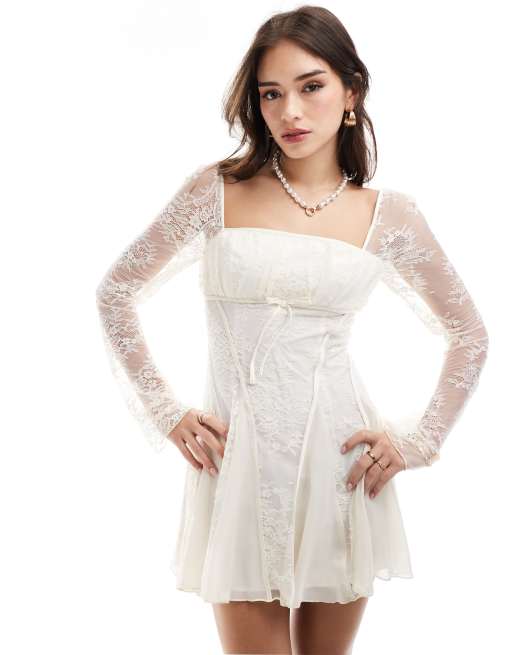 ASOS DESIGN – Vit miniklänning med klockad kjol och rosett i spets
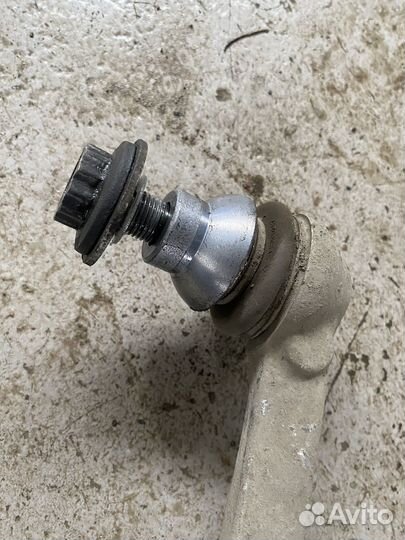 Передний правый рычаг низ Mercedes W213 2018г 2.2D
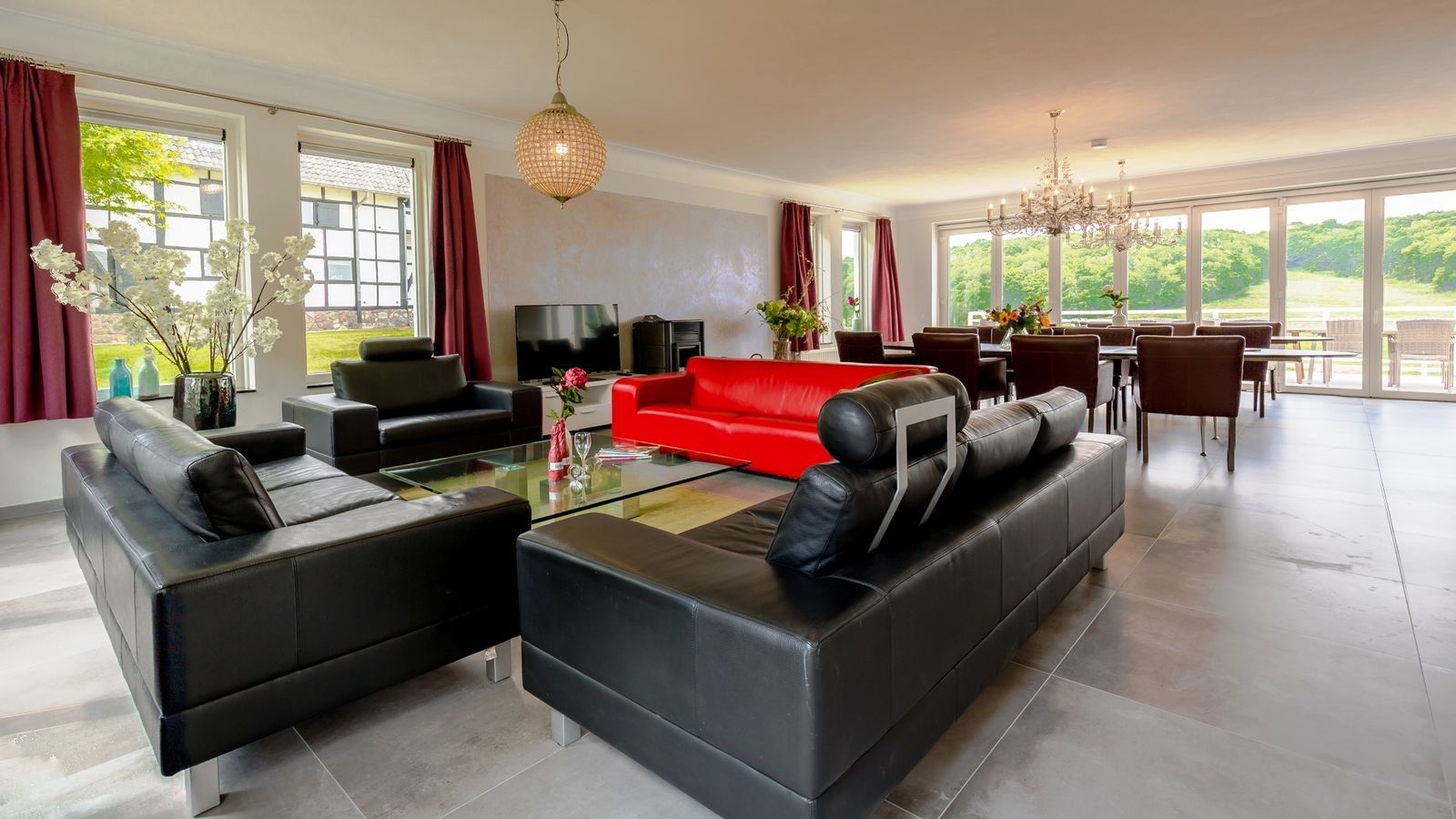 Witte Villa I luxe vakantiehuis Limburg met zwembad en sauna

#### Task to carry out
A faithful transcription of the material, with no pictures, is the expected result.

#### Solution for this task
 ASOS DESIGN – Vit miniklänning med klockad kjol och rosett i spets
 Передний правый рычаг низ Mercedes W213 2018г 2.2D
 Witte Villa I luxe vakantiehuis Limburg met zwembad en sauna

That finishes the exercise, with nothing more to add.